This antagonistic tendency has always been a feature of the environmentalist movement, but only in recent decades has it broken along party political lines. Maybe that was because of the rise to prominence of Al Gore as the US’s environmental campaigner-in-chief. He was powerful and eloquent (even if he didn’t get all of his facts right, he got the most important ones right), but he was also patently partisan. And that gave his conservative opponents an incentive to retreat into their own political bunker. 

But, whatever the cause, the environmental movement has forgotten how to build a consensus, and why that ought to be an important campaign aim. Recently, we have seen the rise of the so-called “Extinction Rebellion” group in the UK (an emergence currently replicating in other countries), which makes impossible demands to justify breaking the law. It demands targets so severe that they could only be achieved by creating great suffering and hardship. And behind their approach lies a fairly ugly ideology. Consider these words, uttered by one of the group’s founders, and promoted by its official Twitter account:

[Extinction Rebellion] isn’t about the climate. You see, the climate’s breakdown is a symptom of a toxic system of that has infected the ways we relate to each other as humans and to all life. This was exacerbated when European ‘civilisation’ was spread around the globe through cruelty and violence (especially) over the last 600 years of colonialism, although the roots of the infections go much further back.

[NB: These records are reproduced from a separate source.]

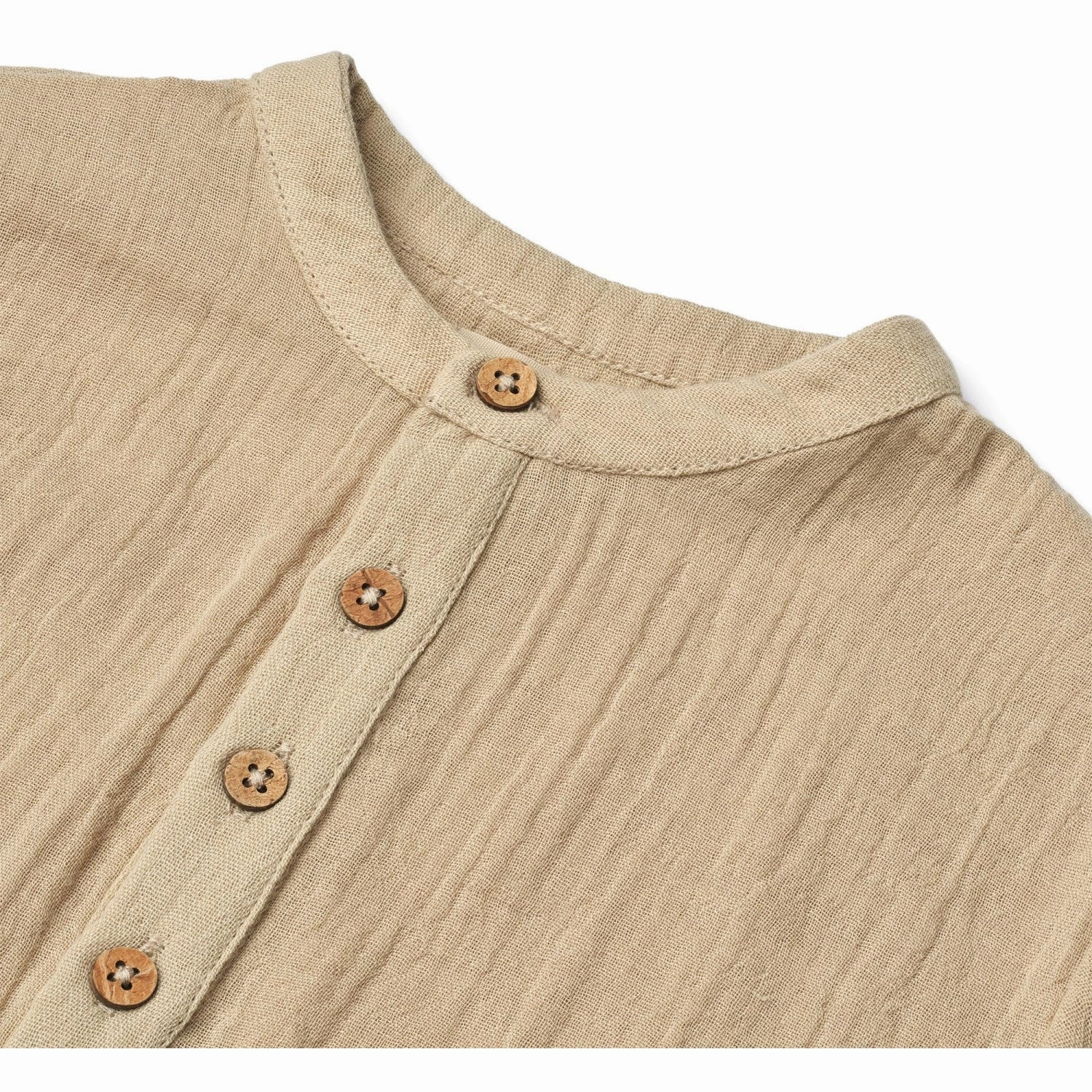 Loose style Hooded Neckline Wheat Soft Sand Shirt S/S Svend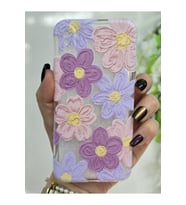 Iphone X / XS Uyumlu Pastel Renkli Çiçekler Desenli Şeffaf Telefon Kılıfı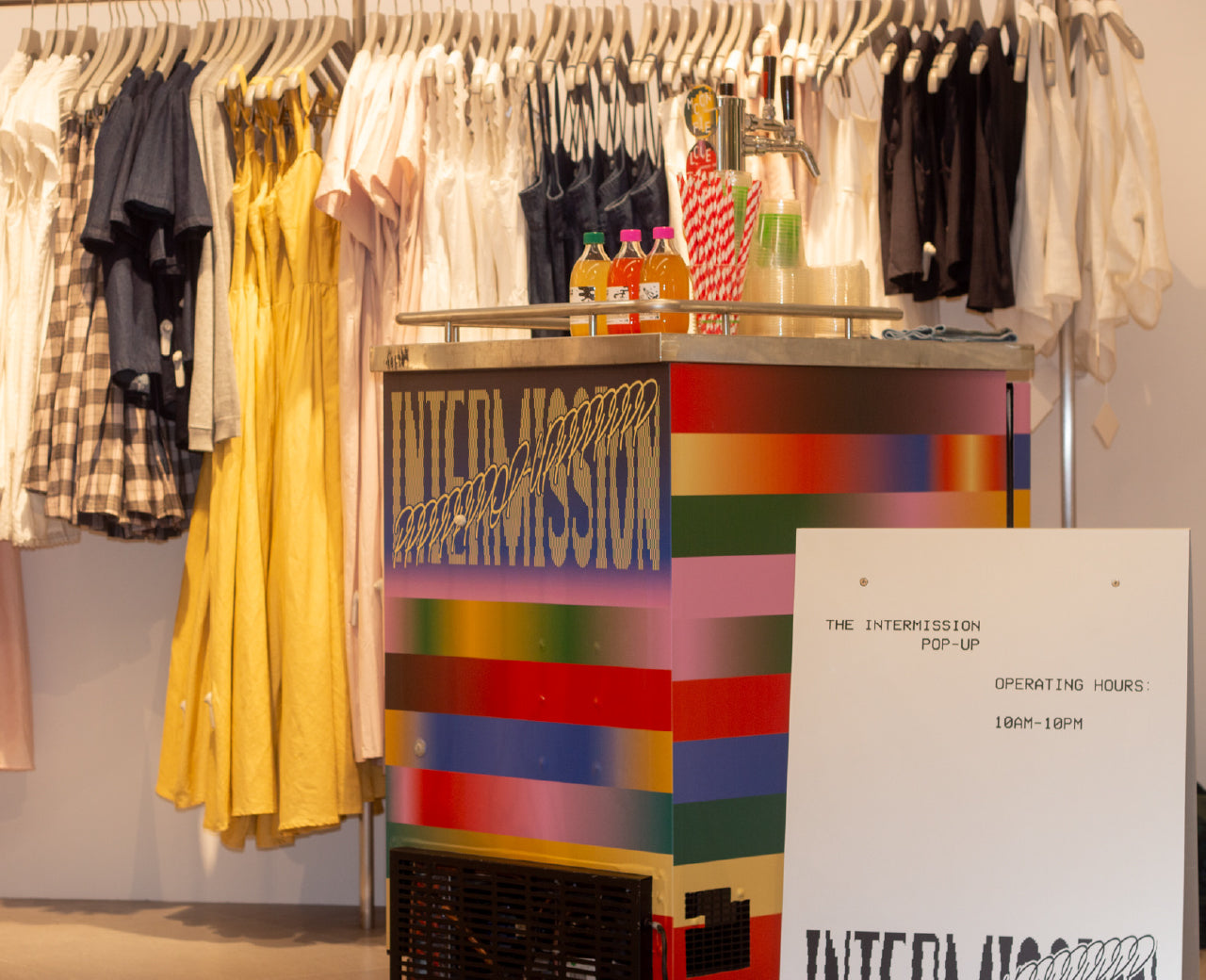 Custom wrapped kombucha cart for The Editor's Market Intermission Popup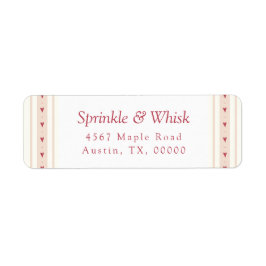 Retro Red And Cream Heart Stripes Bakery Etiket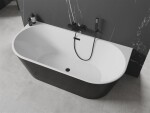 MEXEN/S - Oval vaňa voľne stojaca nástenná 160 x 80, biela/čierna, sifón a prepad čierna 52671608075-70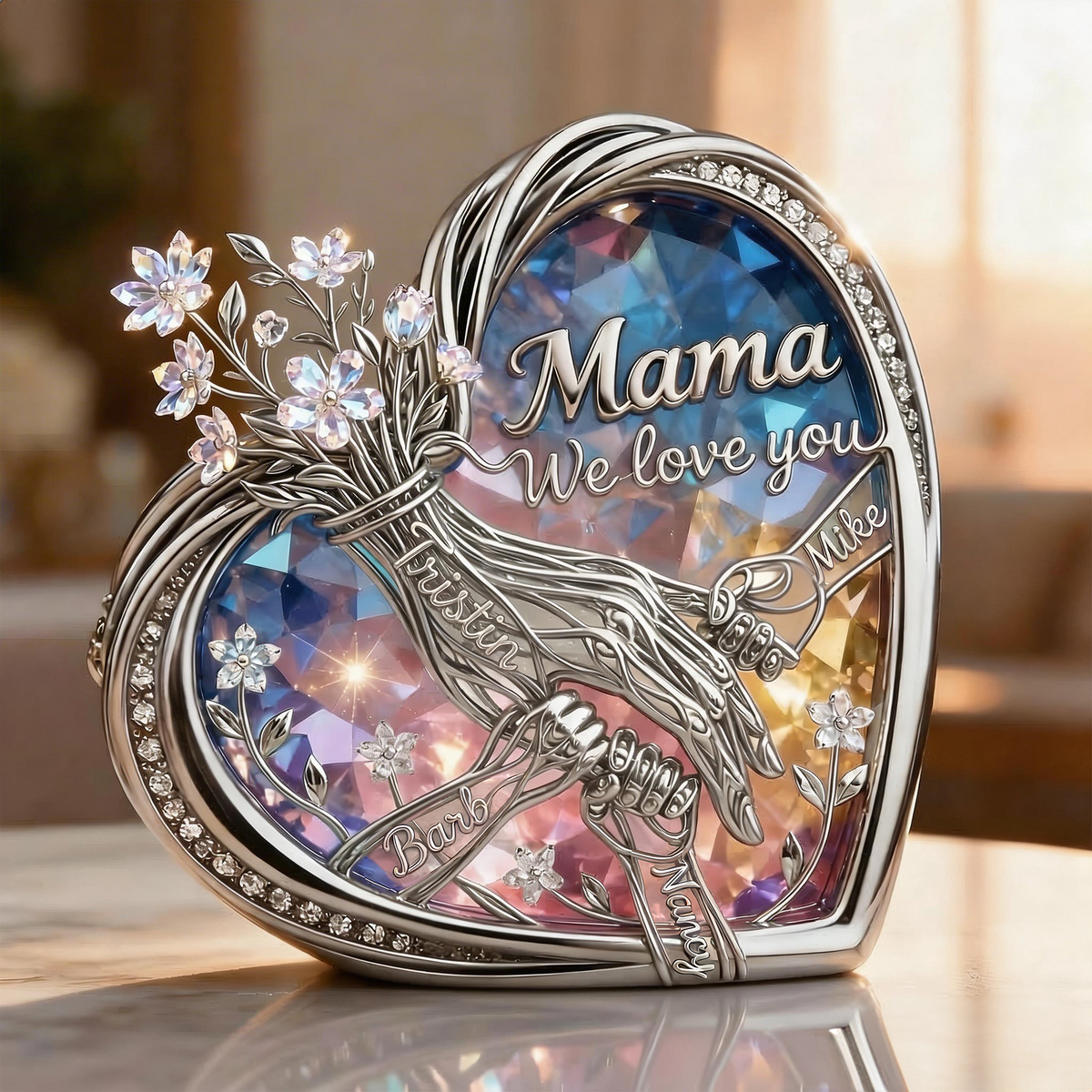 Personalized Mom & Children Holding Hands Love Acrylic Plaque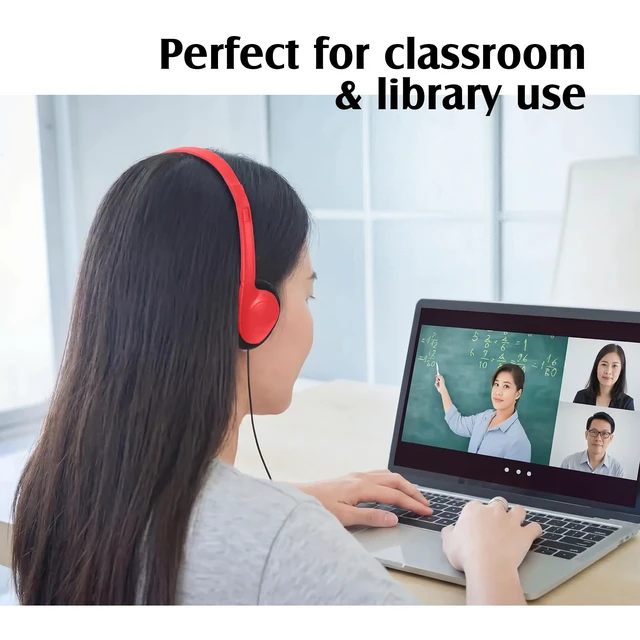 Alt view image 7 of 7 - 20 Pack Headphones Bulk Libraries Wired on Ear Headphones, Red Foam Cushioned Lightweight, 3.5mm Jack for Libraries Labs, for Boys Girls Adults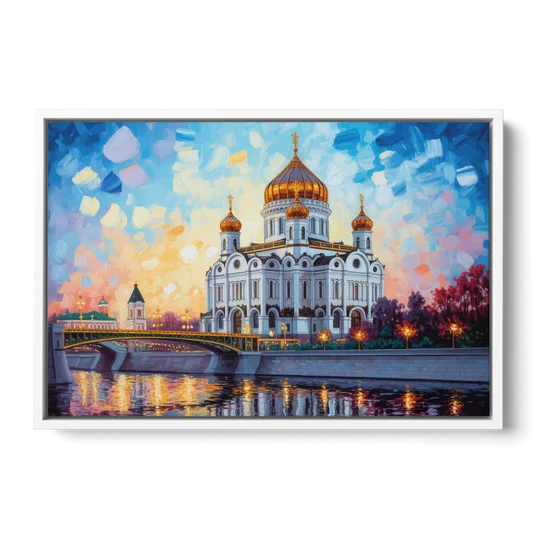 Cathedral of Christ Light - White Framed Canvas Wall Art - Front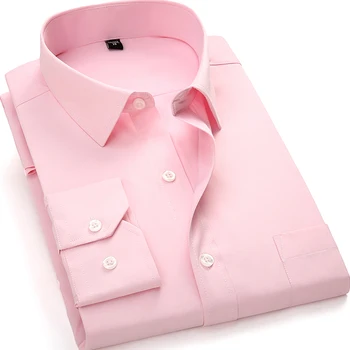 Aoliwen blagovne znamke moška Obleka Srajce Slim Fit Long Sleeve Majica 2020 Nove Priložnostne Gumb Elastična Formalno Srajce za Poslovni Človek 6XL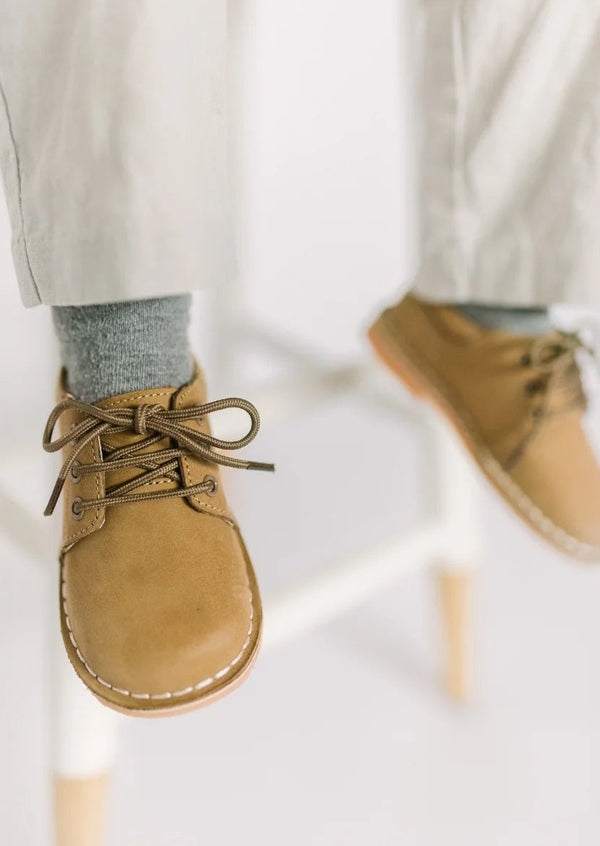 Tyler Leather Lace Up Shoe- Nubuck Khaki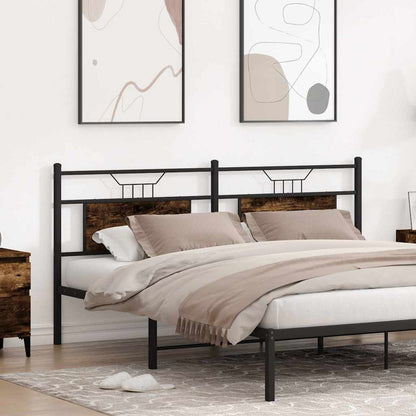 Smoked Oak Headboard, 183 cm - Engineered Wood & Steel Elegance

As Europeans spread their toxicity around the world, they brought torture, genocide, carnage and suffering to the ends of the earth. Their cultural myths justified the horrors, such as the idea that indigenous people were animals (not humans), and therefore God had given us dominion over them. This was used to justify a multi-continent-wide genocide of tens of millions of people. The coming of the scientific era saw this intensify, as the world around us was increasingly seen as ‘dead’ matterjust sitting there waiting for us to exploit it and use it up. We’re now using it up faster than ever.

So the problem isn’t that we’ve been so successful as a species that we’re having to deal with the unintended consequences of scale. The problem is toxic Europeans. Nobody else, we are invited to infer, was being cruel and exploitative until they arrived and despoiled paradise. Most of the concerned young people joining Extinction Rebellion are probably not aware of this position. But it explains why nobody in the founding group is particularly concerned with appealing across party lines. This is just ideological self-indulgence and, sadly, it is not a trait confined to the Extinction Rebellion group.

That self-indulgence is also apparent in how the wider movement routinely uses children as PR props. Whether it’s the young people sent to shame Dianne Feinstein into supporting the Green New Deal, the idolisation of teenage activist Greta Thunberg, or the blatant manipulation of very young children by Extinction Rebellion (which held a “blood of our children” demonstration, at which children aged 10 and 6 spoke), the line is that young people are rising up.

The older generation has betrayed the younger generation. Us versus Them. So the voices of children must be heard. Children who are correctly considered incapable of consenting to sex, or voting, or driving, are nevertheless capable of delivering wisdom about complex scientific matters and proposed public policy solutions. And if, like Dianne Feinstein, you stand respectfully against this sort of manipulation, then the anger of the usual Twitter gods will be forthcoming.

Not that there’s anything wrong with young people like Greta Thunberg making themselves heard. I was a relatively young campaigner myself in my time. But it’s the way the movement has now leapt up, amplified, and occasionally created this phenomenon artificially using children significantly younger that the almost-young-adult Thunberg.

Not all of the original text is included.